Network support is still more unstable than a cow balancing on a 15 feet pole stacked on a football, but still...

Network packet sent from Cosmos

I've been working on network support in Cosmos for some days now, and actually got a breakthrough this evening. A packet, although with invalid data, has been sent onto a virtual network!

Here is a screenshot of Wireshark (former Ethereal) which sniffs a packet from a virtual TAP -WIN32 networkcard connected together with Cosmos' RTL8139C+ NIC.


The next step is to get correct data to be sent, and also to receive packets.

Cosmos - an interesting place to be

Like before I've discovered new and interesting things through the blog of Scott Hanselman. This time I've stumbled over Cosmos - an operating system written in C#.

I've been fascinated with creating OS's for several years. Back in 2004, I think it was, I wrote a simple OS in plain C. It didn't really do much except boot and detect some hardware.

Last summer I dabbled a little with the ReactOS operating system, and made some small sourcecode contributions there. That was C/C++, and unfortunately those are languages I'm not fluent in, so the development just progressed to slowly.

Now though I've found Cosmos which lets me use my favorite language, C#. Yey!

My goal is to create Network support in Cosmos. I've been working on a driver for the RTL8139 chipset for a few days now. Since I have a background in electronics I really love working in the sweet spot just between software and hardware. Working out bits and bytes, and addressranges and memoryareas. Bitfiddling and bitwise mathematics. Good fun!

New R/C helicopters

I've been fighting the urge of buying a radiocontrolled helicopter for a month or two, and last week I had to succumb. I picked up a small Superfly 2.0 chopper at a local store, and have been playing with it a lot since then.

Today my boss and I went to a local hobby-store in Drammen, and ended up leaving with a Twister Bell 47 chopper each!

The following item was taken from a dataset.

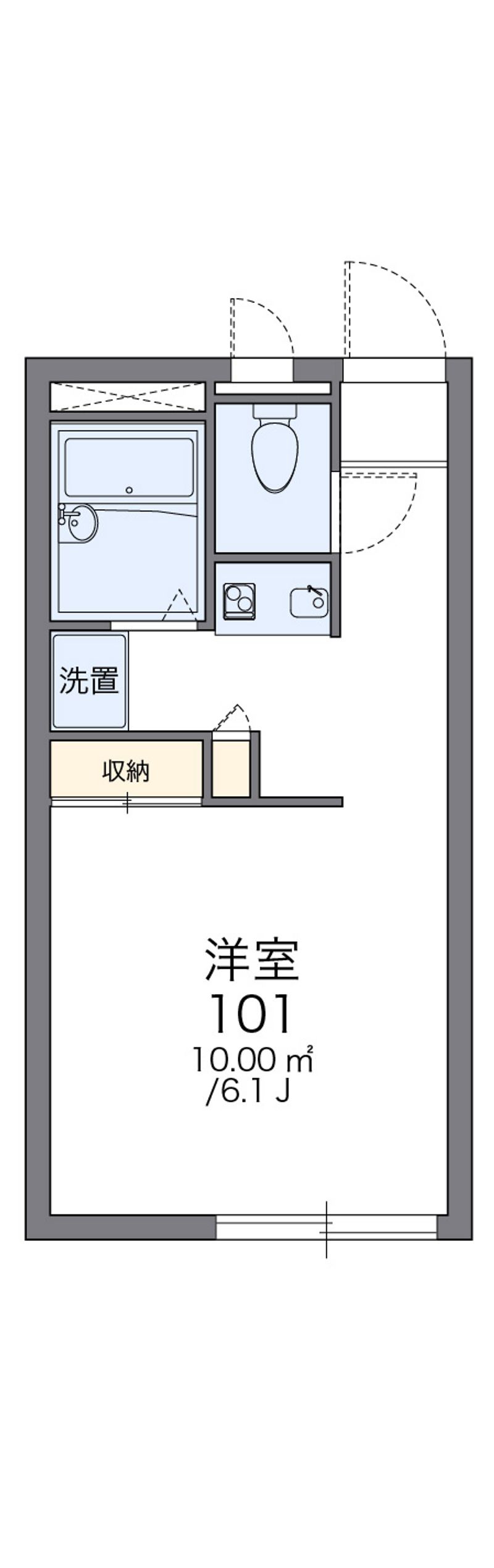 レオパレスグランドＭ・Ｋ 間取図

The Bell is about 3 times as big as the Superfly, and 6 times as expensive.

The Superfly is extremely simple to fly, and can take quite a beating. It's been sent head-first into walls and furniter time and time again, but minimal damage. I even (crash)landed into a 500W lamp. Two channel controllersticks - dead easy.

I've been hovering the Bell around the livingroom this evening, and this helicopter is in another league. There are way more axis to control, and it takes some getting used to. I've had two very minor crashes, and both have resulted in broken rotorblades. Four channel controllersticks - hard, but fun!